▶ Prompt: When the line containing "Tommy Bahama Shirt" is reached, include it and end there; set down verbatim every line before it, starting at the top of the records.

Caption-style text data:
────────────────

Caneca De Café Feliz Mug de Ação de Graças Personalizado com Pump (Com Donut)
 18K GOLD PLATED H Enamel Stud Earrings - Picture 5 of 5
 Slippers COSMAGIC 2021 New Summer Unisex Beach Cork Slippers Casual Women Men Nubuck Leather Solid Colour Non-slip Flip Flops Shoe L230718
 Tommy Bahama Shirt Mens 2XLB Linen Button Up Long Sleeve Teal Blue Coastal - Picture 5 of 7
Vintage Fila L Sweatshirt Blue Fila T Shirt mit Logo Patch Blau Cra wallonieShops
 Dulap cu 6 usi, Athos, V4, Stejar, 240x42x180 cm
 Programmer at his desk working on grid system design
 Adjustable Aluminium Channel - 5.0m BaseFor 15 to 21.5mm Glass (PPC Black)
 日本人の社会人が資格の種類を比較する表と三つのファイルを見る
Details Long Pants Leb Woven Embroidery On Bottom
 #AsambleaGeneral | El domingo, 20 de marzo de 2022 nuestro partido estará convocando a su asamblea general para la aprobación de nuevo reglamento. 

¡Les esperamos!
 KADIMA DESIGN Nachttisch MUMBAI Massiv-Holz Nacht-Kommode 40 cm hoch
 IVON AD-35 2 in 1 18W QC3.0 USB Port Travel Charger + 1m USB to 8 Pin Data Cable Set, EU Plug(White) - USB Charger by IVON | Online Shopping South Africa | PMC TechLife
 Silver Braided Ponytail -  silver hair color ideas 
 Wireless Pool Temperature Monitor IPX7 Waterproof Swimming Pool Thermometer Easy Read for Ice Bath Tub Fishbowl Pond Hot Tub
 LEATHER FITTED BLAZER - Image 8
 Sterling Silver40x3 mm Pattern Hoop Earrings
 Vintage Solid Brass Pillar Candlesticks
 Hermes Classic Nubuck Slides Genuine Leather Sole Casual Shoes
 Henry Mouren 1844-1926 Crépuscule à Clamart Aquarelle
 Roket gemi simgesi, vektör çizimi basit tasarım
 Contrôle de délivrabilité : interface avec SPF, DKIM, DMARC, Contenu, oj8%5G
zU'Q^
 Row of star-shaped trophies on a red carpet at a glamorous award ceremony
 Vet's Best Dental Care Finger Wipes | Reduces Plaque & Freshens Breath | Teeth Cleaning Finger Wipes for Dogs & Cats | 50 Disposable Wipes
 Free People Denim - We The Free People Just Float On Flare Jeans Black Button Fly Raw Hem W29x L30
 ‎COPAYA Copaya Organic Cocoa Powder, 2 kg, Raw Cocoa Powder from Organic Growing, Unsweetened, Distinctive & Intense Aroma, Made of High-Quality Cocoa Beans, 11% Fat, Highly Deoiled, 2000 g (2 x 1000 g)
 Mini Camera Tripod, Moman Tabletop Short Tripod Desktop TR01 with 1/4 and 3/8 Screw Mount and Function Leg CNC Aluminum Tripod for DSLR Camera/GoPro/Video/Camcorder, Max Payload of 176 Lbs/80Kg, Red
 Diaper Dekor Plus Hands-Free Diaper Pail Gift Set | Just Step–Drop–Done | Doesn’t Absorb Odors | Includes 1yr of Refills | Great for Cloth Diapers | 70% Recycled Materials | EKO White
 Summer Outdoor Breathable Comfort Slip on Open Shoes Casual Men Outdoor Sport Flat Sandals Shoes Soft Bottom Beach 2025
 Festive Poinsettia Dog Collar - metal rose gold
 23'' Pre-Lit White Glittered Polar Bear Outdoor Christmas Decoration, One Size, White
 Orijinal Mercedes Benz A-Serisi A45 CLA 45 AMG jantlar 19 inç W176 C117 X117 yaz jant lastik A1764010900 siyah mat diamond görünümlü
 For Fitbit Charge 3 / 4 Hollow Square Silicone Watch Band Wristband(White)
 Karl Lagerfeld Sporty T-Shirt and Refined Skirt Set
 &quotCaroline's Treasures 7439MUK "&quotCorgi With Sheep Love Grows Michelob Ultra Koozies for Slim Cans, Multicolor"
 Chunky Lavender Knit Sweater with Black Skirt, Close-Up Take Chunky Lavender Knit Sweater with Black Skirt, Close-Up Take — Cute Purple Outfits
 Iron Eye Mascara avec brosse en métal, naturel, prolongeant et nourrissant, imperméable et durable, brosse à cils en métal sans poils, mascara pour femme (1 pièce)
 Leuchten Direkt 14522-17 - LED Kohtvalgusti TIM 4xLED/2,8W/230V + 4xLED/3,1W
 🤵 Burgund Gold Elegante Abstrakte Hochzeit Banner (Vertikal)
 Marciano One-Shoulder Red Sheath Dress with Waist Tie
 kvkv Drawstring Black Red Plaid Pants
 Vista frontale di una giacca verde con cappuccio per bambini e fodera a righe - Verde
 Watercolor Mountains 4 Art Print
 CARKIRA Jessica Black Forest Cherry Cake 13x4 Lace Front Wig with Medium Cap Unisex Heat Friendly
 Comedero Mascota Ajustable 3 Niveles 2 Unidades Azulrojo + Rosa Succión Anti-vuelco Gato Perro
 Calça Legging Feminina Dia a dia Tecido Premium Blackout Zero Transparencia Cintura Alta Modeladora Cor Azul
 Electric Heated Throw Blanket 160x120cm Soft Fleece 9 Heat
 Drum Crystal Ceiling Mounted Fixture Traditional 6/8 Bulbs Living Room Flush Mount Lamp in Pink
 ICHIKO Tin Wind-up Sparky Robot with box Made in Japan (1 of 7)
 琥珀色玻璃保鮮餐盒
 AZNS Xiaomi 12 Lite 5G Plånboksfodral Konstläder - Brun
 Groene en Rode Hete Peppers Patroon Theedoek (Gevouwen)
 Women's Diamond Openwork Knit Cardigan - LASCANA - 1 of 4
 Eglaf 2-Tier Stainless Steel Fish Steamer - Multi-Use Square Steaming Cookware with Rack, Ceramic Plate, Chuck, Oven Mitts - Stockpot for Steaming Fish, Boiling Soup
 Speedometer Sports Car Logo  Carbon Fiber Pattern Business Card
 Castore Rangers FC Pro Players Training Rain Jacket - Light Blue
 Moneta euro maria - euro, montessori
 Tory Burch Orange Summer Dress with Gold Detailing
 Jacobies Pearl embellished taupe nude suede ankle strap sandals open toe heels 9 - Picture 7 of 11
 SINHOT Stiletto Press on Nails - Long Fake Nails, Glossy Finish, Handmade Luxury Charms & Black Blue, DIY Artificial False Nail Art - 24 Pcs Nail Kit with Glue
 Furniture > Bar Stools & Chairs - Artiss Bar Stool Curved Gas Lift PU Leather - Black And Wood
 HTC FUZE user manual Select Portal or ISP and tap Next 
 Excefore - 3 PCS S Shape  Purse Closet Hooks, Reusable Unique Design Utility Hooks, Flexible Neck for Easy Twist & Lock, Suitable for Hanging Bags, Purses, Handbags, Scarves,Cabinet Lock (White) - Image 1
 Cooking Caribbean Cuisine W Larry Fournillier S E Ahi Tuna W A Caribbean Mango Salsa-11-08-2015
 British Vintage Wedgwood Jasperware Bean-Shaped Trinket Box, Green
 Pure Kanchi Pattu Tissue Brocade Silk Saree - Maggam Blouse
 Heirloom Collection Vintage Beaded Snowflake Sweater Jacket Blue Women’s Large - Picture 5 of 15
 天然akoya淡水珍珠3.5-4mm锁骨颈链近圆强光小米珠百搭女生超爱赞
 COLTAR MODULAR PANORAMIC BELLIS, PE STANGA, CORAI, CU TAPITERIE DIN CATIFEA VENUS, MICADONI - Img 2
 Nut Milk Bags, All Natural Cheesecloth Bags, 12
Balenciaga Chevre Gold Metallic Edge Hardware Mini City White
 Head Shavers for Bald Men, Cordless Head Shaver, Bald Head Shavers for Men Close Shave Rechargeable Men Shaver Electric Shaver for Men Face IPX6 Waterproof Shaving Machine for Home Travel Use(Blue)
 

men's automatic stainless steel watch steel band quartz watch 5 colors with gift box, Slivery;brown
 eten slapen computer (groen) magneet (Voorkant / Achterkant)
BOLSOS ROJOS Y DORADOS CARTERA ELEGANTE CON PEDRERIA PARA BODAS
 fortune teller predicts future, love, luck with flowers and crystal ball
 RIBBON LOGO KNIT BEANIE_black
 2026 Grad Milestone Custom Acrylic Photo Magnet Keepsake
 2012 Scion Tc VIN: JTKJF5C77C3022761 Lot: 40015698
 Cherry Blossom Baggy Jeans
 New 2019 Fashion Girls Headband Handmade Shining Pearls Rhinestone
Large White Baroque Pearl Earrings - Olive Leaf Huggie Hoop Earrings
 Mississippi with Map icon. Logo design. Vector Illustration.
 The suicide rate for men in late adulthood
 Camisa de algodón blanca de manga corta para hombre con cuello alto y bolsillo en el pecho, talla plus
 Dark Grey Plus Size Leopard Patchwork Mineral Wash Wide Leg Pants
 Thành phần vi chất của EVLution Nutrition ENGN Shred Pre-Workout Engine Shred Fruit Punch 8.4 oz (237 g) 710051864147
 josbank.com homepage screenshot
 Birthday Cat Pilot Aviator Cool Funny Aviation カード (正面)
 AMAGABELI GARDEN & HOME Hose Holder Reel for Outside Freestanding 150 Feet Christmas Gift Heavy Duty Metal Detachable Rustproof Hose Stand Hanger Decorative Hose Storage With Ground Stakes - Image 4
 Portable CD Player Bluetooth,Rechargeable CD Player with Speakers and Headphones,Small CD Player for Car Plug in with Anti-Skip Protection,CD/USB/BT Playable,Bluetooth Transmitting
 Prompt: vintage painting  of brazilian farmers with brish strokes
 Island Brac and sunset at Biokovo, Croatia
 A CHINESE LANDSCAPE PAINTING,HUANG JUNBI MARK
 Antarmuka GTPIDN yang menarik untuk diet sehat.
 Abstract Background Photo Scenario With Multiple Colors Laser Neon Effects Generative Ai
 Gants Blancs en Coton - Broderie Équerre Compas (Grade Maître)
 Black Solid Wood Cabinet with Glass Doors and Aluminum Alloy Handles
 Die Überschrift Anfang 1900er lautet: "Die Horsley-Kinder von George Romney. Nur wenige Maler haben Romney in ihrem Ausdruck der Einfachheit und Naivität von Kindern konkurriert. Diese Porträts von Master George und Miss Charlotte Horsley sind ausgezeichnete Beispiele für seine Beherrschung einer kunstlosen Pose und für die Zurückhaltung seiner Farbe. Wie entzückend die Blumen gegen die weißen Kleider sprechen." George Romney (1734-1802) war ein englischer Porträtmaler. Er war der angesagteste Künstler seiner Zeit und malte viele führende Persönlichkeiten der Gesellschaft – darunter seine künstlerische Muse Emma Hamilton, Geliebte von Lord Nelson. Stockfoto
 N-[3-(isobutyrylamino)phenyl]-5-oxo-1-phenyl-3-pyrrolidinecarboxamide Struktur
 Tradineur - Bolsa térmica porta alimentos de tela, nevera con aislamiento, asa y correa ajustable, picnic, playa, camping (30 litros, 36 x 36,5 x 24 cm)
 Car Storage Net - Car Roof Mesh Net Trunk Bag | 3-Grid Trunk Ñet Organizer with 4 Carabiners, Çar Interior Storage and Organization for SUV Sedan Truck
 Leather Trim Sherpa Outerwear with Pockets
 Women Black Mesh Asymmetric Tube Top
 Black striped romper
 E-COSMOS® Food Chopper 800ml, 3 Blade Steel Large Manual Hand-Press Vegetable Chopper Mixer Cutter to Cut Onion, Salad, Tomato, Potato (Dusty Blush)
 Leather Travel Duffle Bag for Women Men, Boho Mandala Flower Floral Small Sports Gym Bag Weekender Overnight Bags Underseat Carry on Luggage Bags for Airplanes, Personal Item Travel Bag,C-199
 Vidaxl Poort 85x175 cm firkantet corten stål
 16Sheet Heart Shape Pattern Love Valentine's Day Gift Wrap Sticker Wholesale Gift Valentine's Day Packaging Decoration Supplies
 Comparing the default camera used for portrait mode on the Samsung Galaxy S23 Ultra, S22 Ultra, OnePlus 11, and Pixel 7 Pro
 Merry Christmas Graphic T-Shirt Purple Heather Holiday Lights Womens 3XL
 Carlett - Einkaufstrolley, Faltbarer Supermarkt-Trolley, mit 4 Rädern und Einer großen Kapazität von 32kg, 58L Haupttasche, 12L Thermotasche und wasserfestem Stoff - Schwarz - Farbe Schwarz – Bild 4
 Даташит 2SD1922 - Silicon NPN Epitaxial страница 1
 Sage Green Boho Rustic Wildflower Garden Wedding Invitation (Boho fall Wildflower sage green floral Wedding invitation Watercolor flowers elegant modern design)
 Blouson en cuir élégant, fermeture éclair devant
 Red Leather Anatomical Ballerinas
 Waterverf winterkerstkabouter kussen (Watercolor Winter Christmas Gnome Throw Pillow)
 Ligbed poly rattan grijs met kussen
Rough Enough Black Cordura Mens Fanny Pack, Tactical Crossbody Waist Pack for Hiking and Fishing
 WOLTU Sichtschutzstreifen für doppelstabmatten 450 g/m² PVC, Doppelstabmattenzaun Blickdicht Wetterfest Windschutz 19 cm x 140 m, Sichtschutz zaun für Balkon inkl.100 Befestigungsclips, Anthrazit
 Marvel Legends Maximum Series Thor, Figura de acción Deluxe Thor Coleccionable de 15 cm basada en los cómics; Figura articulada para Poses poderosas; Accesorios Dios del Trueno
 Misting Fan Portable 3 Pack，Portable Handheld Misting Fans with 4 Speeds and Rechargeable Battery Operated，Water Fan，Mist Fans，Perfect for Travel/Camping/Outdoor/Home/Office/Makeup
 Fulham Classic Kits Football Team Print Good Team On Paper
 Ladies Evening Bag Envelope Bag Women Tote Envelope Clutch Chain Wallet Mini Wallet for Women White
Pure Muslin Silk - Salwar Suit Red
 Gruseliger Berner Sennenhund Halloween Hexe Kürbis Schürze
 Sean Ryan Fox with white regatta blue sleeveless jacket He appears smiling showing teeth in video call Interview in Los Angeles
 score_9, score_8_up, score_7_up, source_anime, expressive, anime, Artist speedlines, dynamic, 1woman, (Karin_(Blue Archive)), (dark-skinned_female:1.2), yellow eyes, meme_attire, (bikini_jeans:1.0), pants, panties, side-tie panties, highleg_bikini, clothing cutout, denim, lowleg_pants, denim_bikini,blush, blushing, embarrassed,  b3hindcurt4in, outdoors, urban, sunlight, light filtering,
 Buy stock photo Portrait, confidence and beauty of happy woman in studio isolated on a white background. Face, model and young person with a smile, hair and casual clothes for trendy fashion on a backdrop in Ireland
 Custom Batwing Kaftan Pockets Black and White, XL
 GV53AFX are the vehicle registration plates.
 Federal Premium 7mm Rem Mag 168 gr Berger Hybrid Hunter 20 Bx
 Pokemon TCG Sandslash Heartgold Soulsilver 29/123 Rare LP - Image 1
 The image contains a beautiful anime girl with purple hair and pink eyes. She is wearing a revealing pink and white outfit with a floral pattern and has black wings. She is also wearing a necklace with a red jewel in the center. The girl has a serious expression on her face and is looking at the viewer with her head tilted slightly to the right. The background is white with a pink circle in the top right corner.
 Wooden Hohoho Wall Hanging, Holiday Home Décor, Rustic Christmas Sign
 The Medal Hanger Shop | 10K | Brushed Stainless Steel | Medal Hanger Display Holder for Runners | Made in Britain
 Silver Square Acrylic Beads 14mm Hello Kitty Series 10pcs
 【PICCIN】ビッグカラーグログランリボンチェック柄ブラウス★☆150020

────────────────

▶ Exercise output:
Caneca De Café Feliz Mug de Ação de Graças Personalizado com Pump (Com Donut)
 18K GOLD PLATED H Enamel Stud Earrings - Picture 5 of 5
 Slippers COSMAGIC 2021 New Summer Unisex Beach Cork Slippers Casual Women Men Nubuck Leather Solid Colour Non-slip Flip Flops Shoe L230718
 Tommy Bahama Shirt Mens 2XLB Linen Button Up Long Sleeve Teal Blue Coastal - Picture 5 of 7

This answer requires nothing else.